Plaintiff sued out a writ of attachment in the Hudson County Circuit Court against defendant, who is a non-resident, to recover $1,361.45, together with interest, &c. Defendant thereupon entered her appearance and contested the action. The trial resulted in the jury’s finding a verdict in favor of the plaintiff in the sum of $1,384.68.
The suit was based upon a promissory note for $1,290 which was given in renewal of a note originally for $2,000. The note was made by Jack Sehloss to the order of himself and was endorsed by Jack Sehloss, his brother, George Sehloss, and defendant, Frieda Schylosky, their mother.
The defense was that defendant was a married woman. At the trial the plaintiff bank official who made this loan testified, in effect, that the defendant came to the bank with her son and stated to that officer, in effect, that she and her sons were operating a, bakery; that they needed the money represented by the note very badly to use in the business; that she was financially interested in the business in which they all had an equal interest, and that she would obtain the use of the loan.
The defendant denied being at the bank at all, denied the making of the statement to the bank official, and, indeed, denied the truth of every matter of fact contained in such statement.

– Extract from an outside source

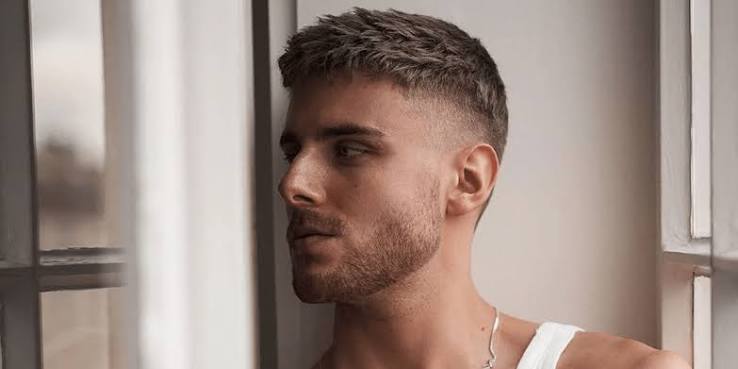 Crew Cut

But, in our judgment, her own testimony, as well as that of her son, tended in many essential particulars to support the plaintiff’s case.

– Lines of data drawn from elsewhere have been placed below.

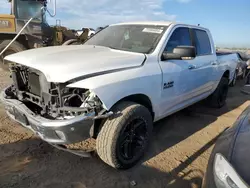 2016 Dodge RAM 1500 SLT en venta en Brighton, CO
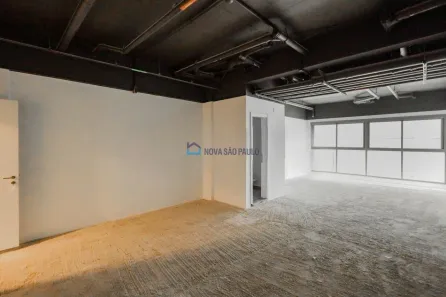 Sala Comercial para alugar, 59m² no Pinheiros, São Paulo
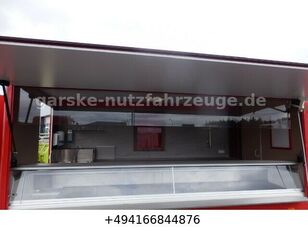 RENAULT Borco Höhns Fleisch & Wurstwaren kamion sandučar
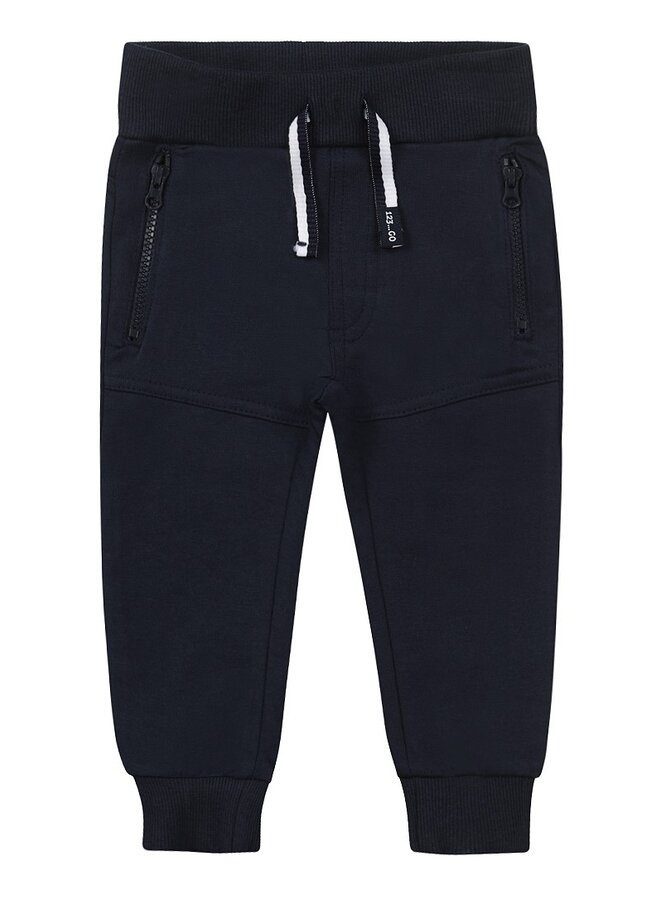 Joggingbroek Navy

In this posture of the evidence the defendant’s counsel moved for a direction of a verdict in her favor on the ground that there was no evidence that defendant’s separate estate was benefited by the loan as required by section 5 of the Married Woman’s act (Comp. Stat., p. 3226) in order to render a married woman liable.
To this we think it a sufficient answer to say that, under all the evidence, a direction of a verdict was properly denied.
That being the only ground of appeal, the judgment is affirmed, with costs.